### RECORDS PROVIDED
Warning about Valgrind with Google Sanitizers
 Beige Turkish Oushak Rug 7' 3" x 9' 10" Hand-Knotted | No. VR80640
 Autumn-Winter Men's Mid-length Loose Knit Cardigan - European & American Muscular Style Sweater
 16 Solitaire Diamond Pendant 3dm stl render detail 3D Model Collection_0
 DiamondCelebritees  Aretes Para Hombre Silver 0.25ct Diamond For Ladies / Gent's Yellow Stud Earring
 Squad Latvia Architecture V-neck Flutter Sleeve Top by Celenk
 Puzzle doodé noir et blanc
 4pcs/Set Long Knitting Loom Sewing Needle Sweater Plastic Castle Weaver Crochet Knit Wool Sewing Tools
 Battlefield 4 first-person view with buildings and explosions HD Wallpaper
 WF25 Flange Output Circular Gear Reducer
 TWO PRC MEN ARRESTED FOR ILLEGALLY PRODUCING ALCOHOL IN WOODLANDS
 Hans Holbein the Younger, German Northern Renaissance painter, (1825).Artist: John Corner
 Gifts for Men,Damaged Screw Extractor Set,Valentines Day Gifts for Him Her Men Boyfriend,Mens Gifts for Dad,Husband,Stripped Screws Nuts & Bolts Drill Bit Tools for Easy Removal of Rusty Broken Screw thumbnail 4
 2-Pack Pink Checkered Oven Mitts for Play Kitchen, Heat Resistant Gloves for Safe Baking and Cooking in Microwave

### EXERCISE GOAL
All entries shown above should be printed again exactly.

### ANSWER TO THE EXERCISE
Warning about Valgrind with Google Sanitizers
 Beige Turkish Oushak Rug 7' 3" x 9' 10" Hand-Knotted | No. VR80640
 Autumn-Winter Men's Mid-length Loose Knit Cardigan - European & American Muscular Style Sweater
 16 Solitaire Diamond Pendant 3dm stl render detail 3D Model Collection_0
 DiamondCelebritees  Aretes Para Hombre Silver 0.25ct Diamond For Ladies / Gent's Yellow Stud Earring
 Squad Latvia Architecture V-neck Flutter Sleeve Top by Celenk
 Puzzle doodé noir et blanc
 4pcs/Set Long Knitting Loom Sewing Needle Sweater Plastic Castle Weaver Crochet Knit Wool Sewing Tools
 Battlefield 4 first-person view with buildings and explosions HD Wallpaper
 WF25 Flange Output Circular Gear Reducer
 TWO PRC MEN ARRESTED FOR ILLEGALLY PRODUCING ALCOHOL IN WOODLANDS
 Hans Holbein the Younger, German Northern Renaissance painter, (1825).Artist: John Corner
 Gifts for Men,Damaged Screw Extractor Set,Valentines Day Gifts for Him Her Men Boyfriend,Mens Gifts for Dad,Husband,Stripped Screws Nuts & Bolts Drill Bit Tools for Easy Removal of Rusty Broken Screw thumbnail 4
 2-Pack Pink Checkered Oven Mitts for Play Kitchen, Heat Resistant Gloves for Safe Baking and Cooking in Microwave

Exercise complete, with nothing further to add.